- **Collected data**
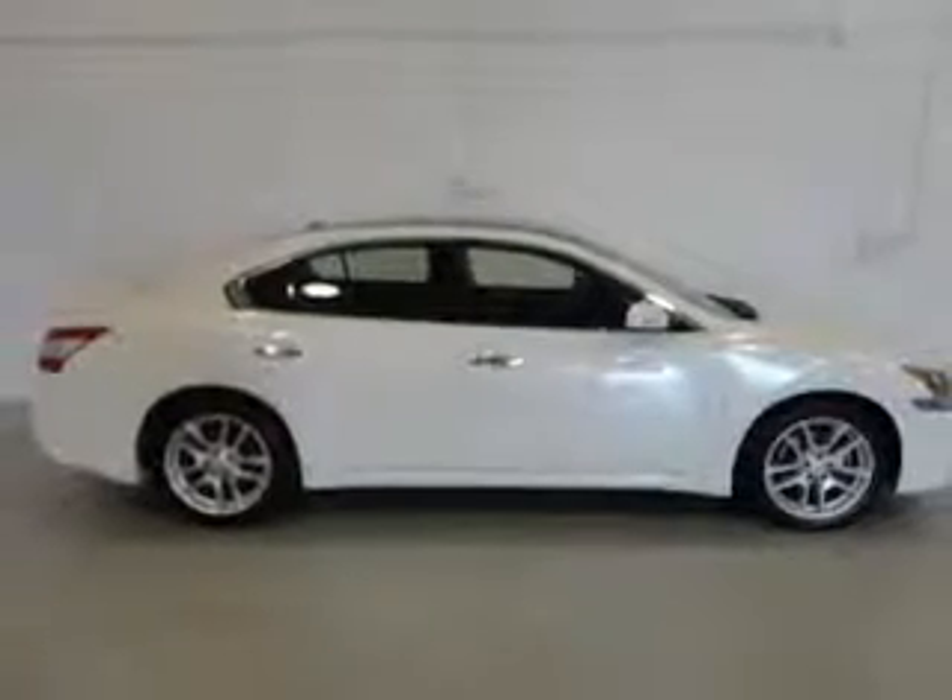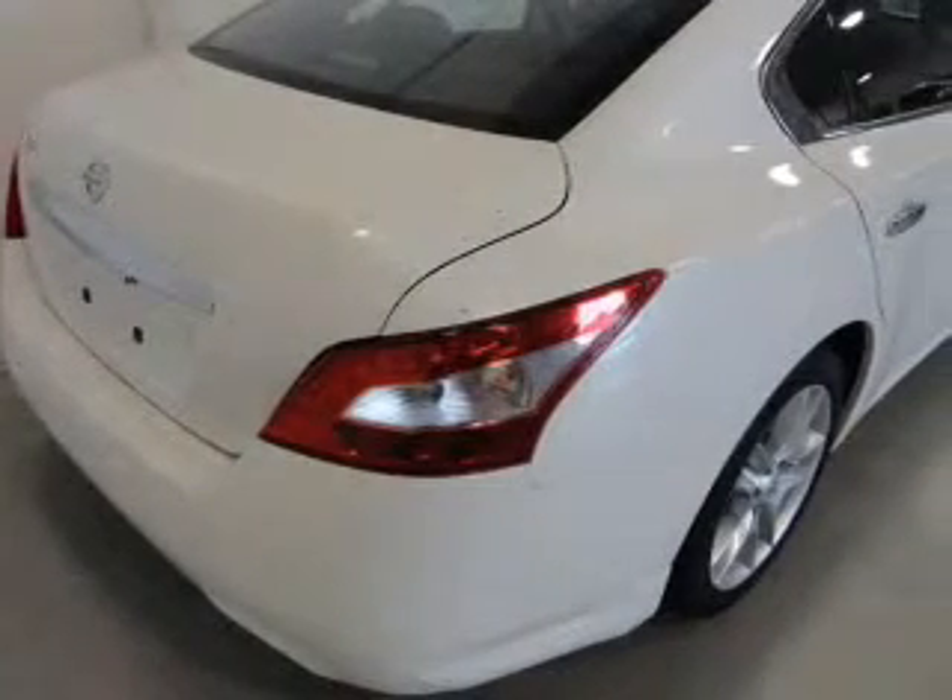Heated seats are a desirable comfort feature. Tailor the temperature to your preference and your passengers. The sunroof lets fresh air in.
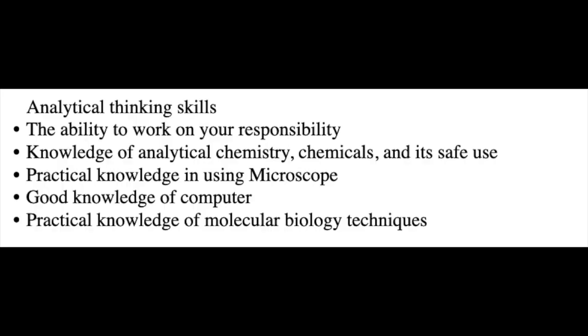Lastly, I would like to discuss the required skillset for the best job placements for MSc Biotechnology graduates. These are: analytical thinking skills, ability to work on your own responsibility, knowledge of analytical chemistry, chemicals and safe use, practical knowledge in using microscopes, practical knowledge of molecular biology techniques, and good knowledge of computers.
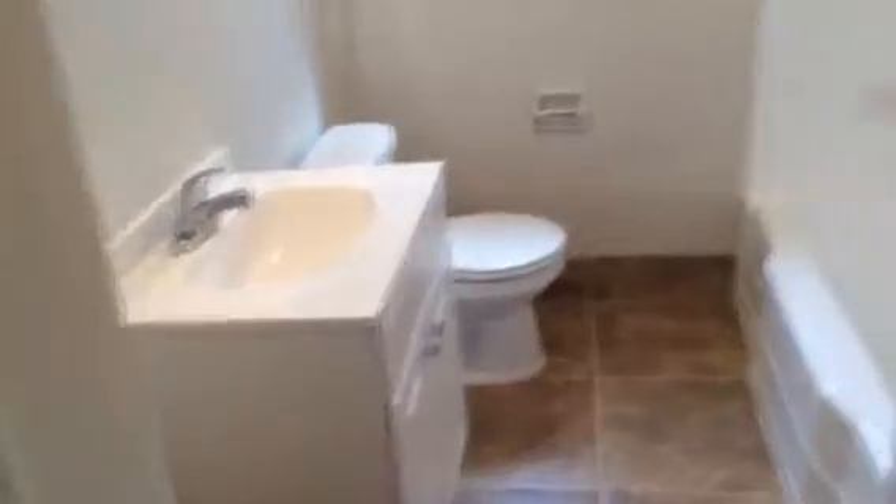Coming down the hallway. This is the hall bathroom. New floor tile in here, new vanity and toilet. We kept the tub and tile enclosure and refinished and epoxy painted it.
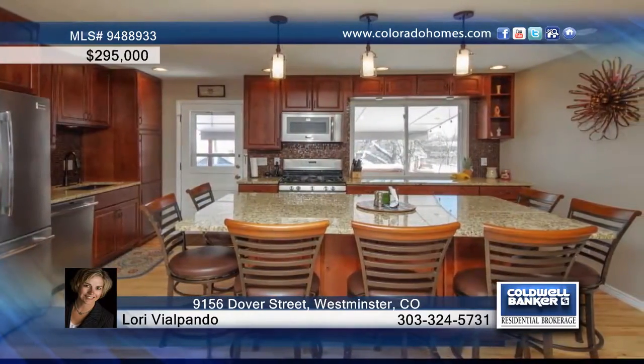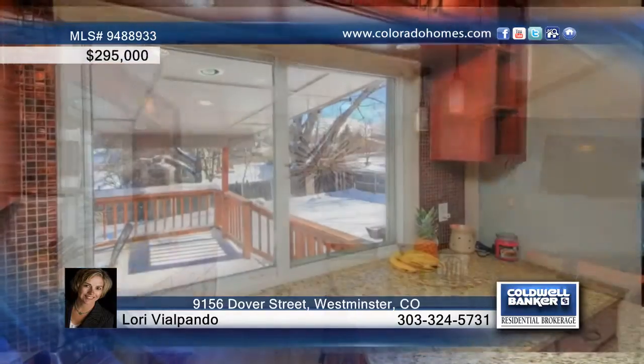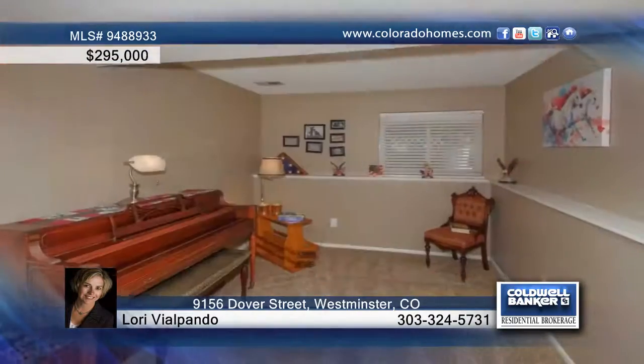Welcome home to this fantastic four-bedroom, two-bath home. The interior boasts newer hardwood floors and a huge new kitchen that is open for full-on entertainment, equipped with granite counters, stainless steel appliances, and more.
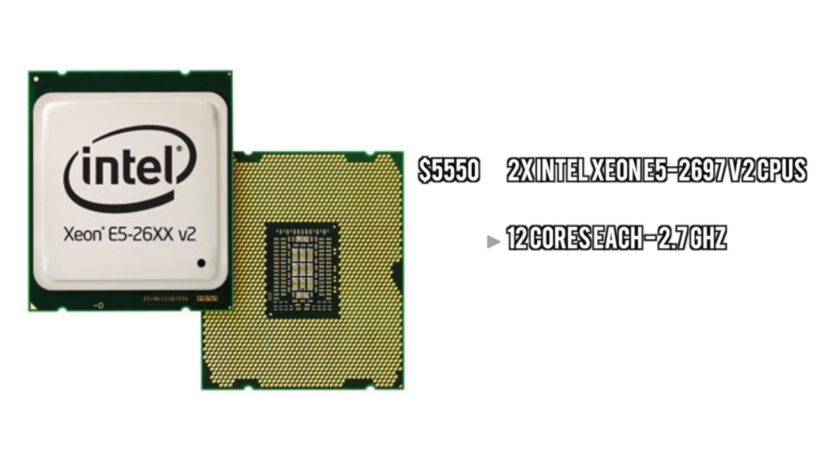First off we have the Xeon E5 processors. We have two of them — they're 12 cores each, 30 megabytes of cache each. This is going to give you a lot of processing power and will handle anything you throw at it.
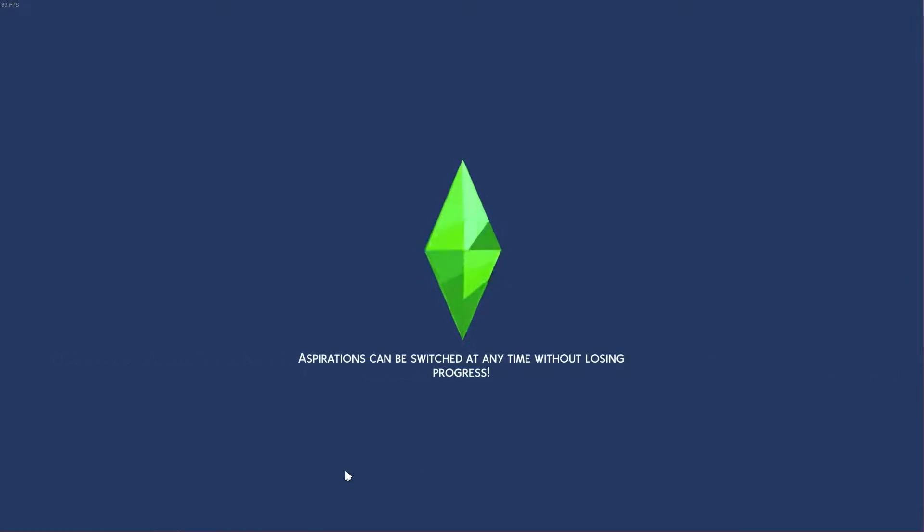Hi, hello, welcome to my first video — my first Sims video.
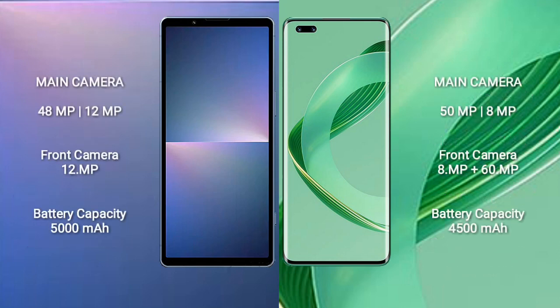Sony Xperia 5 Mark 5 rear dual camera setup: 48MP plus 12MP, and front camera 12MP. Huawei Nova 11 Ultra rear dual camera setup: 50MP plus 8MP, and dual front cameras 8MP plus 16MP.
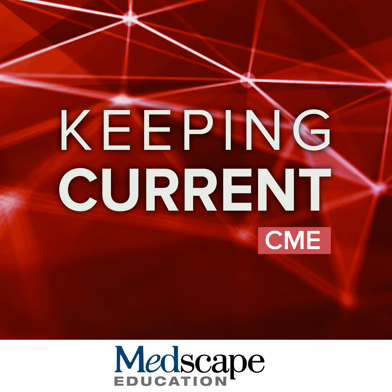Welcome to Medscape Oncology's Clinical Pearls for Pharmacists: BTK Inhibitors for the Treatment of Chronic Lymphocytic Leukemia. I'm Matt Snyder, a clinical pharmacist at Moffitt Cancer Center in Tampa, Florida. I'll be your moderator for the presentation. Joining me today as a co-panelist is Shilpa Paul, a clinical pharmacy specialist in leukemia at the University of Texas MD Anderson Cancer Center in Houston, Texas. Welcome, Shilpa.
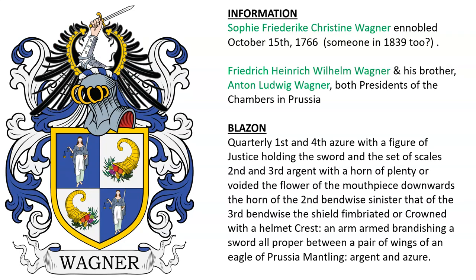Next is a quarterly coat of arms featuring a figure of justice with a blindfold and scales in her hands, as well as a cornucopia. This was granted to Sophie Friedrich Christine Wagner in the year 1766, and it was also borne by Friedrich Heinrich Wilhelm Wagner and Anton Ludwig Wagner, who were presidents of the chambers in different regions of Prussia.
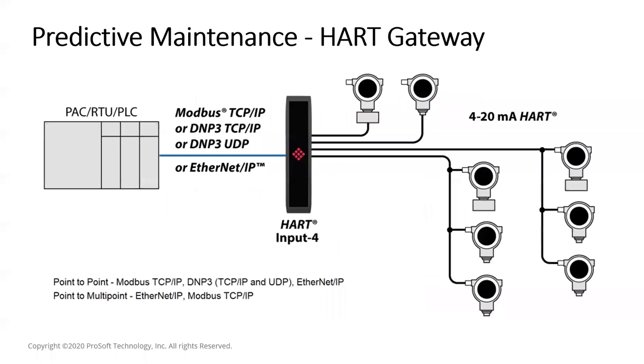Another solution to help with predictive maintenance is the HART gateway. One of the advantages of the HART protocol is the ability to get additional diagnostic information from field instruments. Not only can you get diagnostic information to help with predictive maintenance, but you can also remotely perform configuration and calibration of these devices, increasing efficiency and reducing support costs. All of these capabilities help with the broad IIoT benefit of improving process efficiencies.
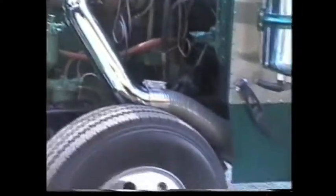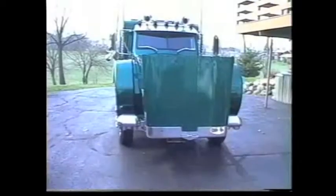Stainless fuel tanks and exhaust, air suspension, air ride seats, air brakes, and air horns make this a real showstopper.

- **Your task**
Leaving every picture out, return the lines from the one containing "Welcome to Medscape" through the last line of the records exactly.

- **Solution to the exercise**
Welcome to Medscape Oncology's Clinical Pearls for Pharmacists: BTK Inhibitors for the Treatment of Chronic Lymphocytic Leukemia. I'm Matt Snyder, a clinical pharmacist at Moffitt Cancer Center in Tampa, Florida. I'll be your moderator for the presentation. Joining me today as a co-panelist is Shilpa Paul, a clinical pharmacy specialist in leukemia at the University of Texas MD Anderson Cancer Center in Houston, Texas. Welcome, Shilpa.
Next is a quarterly coat of arms featuring a figure of justice with a blindfold and scales in her hands, as well as a cornucopia. This was granted to Sophie Friedrich Christine Wagner in the year 1766, and it was also borne by Friedrich Heinrich Wilhelm Wagner and Anton Ludwig Wagner, who were presidents of the chambers in different regions of Prussia.
Another solution to help with predictive maintenance is the HART gateway. One of the advantages of the HART protocol is the ability to get additional diagnostic information from field instruments. Not only can you get diagnostic information to help with predictive maintenance, but you can also remotely perform configuration and calibration of these devices, increasing efficiency and reducing support costs. All of these capabilities help with the broad IIoT benefit of improving process efficiencies.
Stainless fuel tanks and exhaust, air suspension, air ride seats, air brakes, and air horns make this a real showstopper.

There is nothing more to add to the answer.